Nancy Duke Lewis Professor of Modern Culture and Media and Political Science
Areas of Interest: Political theory and cultural studies, focusing on received scripts that limit or launch collective action in democratic settings.
Bonnie Honig is Nancy Duke Lewis Professor of Modern Culture and Media (MCM) and Political Science at Brown University, and (by courtesy) Religious Studies (RS) and Theater and Performance Studies (TAPS). She is author of Political Theory and the Displacement of Politics (Cornell, 1993, Scripps Prize for best first book), Democracy and the Foreigner (Princeton, 2001), Emergency Politics: Paradox, Law, Democracy(Princeton, 2009, David Easton Prize), Antigone, Interrupted. (Cambridge University Press, 2013) and Public Things: Democracy in Disrepair(Fordham, 2017). She has edited or co-edited several collections, including Feminist Interpretations of Hannah Arendt (Penn State, 1995) and Politics, Theory, and Film: Critical Encounters with Lars von Trier (Oxford, 2016). Her articles have appeared in Arethusa (Okin-Young Prize for best article in feminist theory), New Literary History, Political Theory, theory&event, Social Text, differences, the American Political Science Review, and more.

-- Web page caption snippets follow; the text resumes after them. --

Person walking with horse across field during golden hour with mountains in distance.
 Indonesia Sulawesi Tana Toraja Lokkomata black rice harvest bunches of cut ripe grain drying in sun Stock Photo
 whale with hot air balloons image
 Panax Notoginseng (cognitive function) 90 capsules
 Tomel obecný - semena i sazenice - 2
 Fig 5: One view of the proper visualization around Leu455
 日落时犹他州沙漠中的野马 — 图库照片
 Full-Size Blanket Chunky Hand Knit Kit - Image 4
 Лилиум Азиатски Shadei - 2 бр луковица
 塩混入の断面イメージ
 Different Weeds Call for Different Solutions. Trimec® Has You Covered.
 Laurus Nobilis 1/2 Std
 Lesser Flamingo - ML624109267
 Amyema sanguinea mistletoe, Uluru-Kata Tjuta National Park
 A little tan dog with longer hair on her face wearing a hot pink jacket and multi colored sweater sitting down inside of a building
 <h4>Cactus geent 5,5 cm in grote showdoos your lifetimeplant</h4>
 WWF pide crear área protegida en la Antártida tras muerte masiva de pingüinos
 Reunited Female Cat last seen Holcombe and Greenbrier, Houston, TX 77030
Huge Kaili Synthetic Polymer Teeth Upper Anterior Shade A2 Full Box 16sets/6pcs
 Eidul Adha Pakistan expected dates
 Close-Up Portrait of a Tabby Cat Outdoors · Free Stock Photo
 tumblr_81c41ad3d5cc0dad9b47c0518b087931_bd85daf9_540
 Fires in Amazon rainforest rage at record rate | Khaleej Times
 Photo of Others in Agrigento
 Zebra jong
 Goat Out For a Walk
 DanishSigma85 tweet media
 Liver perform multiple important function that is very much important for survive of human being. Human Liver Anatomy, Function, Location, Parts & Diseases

Honig has two new books. A Feminist Theory of Refusal (Harvard, May 2021) is based on her 2017 Flexner Lectures at Bryn Mawr College. And Shell Shocked: Feminist Criticism After Trump (Fordham, March 2021) collects revised versions of her public writing since 2016 along with several new essays on criticism, feminism, and politics. Interviews with Honig about her recent work appear in The Nation and Polity; also podcasts, with the Cogut Institute's Meeting Street and Why We Argue.
In 2017-18 she served as the Inaugural Cranor Phi Beta Kappa Scholar, and she is currently an affiliate of the Digital Democracy Group at Simon Fraser University and the American Bar Foundation in Chicago.